Ma è proprio in un’azzardata geografia dell’anima che si manifesta tutta la bravura di Didion, in grado di trasformare l’appartenenza a un luogo nell’eterna dialettica tra radicamento e straniamento, riflessa in tutti i personaggi dei suoi romanzi, soprattutto in quelli femminili. Lily, protagonista di Run River lascia apparire quelle che saranno la Maria di Prendila così o la Charlotte di Diglielo da parte mia, donne in cui la fragilità diventa una sorta di corazza di azzeramento dal mondo, donne che sembrano vivere a due passi dalle loro azioni, alienate dall’agire come dal desiderio, scisse tra cinismo e smarrimento, tra inerzia e fierezza, intente a costruire questa fragilità come fosse un lavoro di artigianato, per poi osservarlo con un distacco impietoso e ironico: “Lily non riusciva a immaginarsi con i capelli bianchi: intanto non aveva neanche trentasette anni, e poi aveva sempre considerato il suo stile straordinariamente fragile. Con i capelli grigi non potevi sembrare straordinariamente fragile, potevi solo sembrare fragile”.

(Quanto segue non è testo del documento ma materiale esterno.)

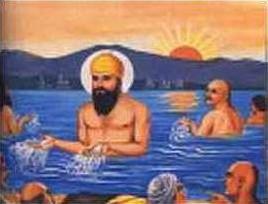 Guru Nanak throwing water towards his farm.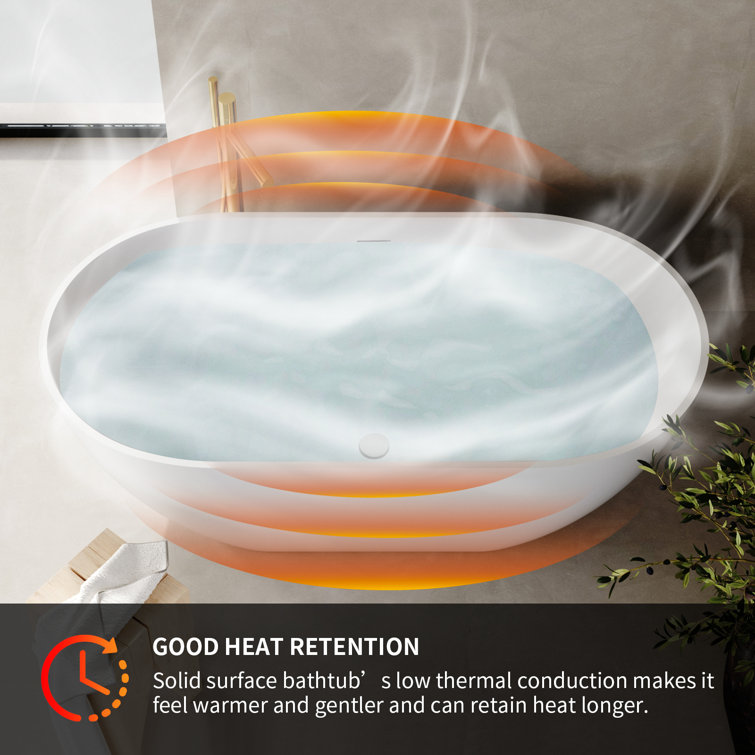 Glossy White 59" Freestanding Solid Surface Soaking Bathtub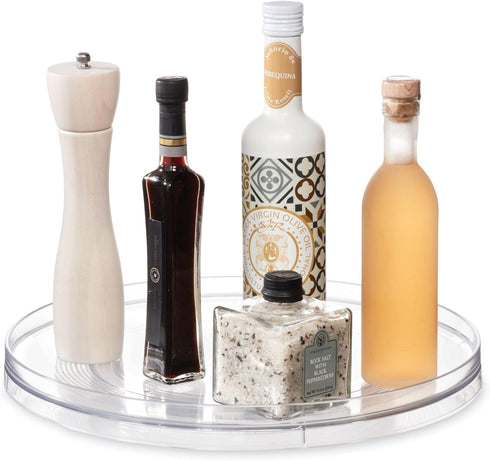 iDesign Recycled Plastic Lazy Susan Turntable Organizer, The Linus Collection – 14” x 1.75”, Clear...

Lily è sposata con Everett McClellan, proprietario del ranch, e il libro ha inizio nell’estate del ’59, la notte in cui Everett spara a Ryder Channing: il parvenu, amante di sua moglie e di sua sorella Martha. Lo sparo arriva a Lily solo attraverso il riverbero del suono, come ogni altra cosa, al tempo stesso inevitabile e distante. A quel punto il racconto non segue le conseguenze dell’omicidio, ma si snoda in un lungo flash-back dal ’38 al ’59 sull’incontro e il rapporto tra Lily ed Everett. Potrebbe sembrare una formula per postulare il determinismo: come siamo arrivati a questo punto? Ripercorrere i condizionamenti, le paure e gli sbagli che hanno portato alla disintegrazione di un matrimonio. E dopo il matrimonio, ai silenzi coperti dai drink, “il completo da martire di Everett”, le feste a cui togliere l’audio e contare sulle stesse facce, gli stessi giochi e “le stesse Jennie qualunque”. Ma per Didion le scappatoie dal determinismo sono insite nella fragilità di cui parlavo, che ha dentro di sé una forma di resistenza volubile; così, quella che sembra una solida catena di eventi perde fiducia nel proprio meccanismo, cedendo il passo a una sospensione, quasi un’ottusità radicale di fronte alle più elementari dinamiche del mondo. Martha, più acuta di Everett nel sintetizzare il carattere di Lily, parlerà di lei in questi termini: “Voglio dire, Lily non riesce a dire cose semplici come ‘grazie’ o ‘preferirei di no’ o ‘potrei avere dell’altro caffè?” […] “Non voglio essere cattiva con Lily, sto solo evidenziando qualcosa di interessante. Qualcuno tiene la porta aperta per Lily in un ferramenta e lei pensa di dover affrontare una situazione estremamente complessa”. Quindi, sì, forse è sempre un po’ tardi per scegliere, perché il punto cristallino di una scelta non esiste. E quando si critica Didion perché i suoi personaggi, più che vivere, sembrano attraversare la vita, mi viene da pensare che sia esattamente così; ma non è ciò che facciamo tutti, se non vogliamo cedere all’accanimento delle intenzioni?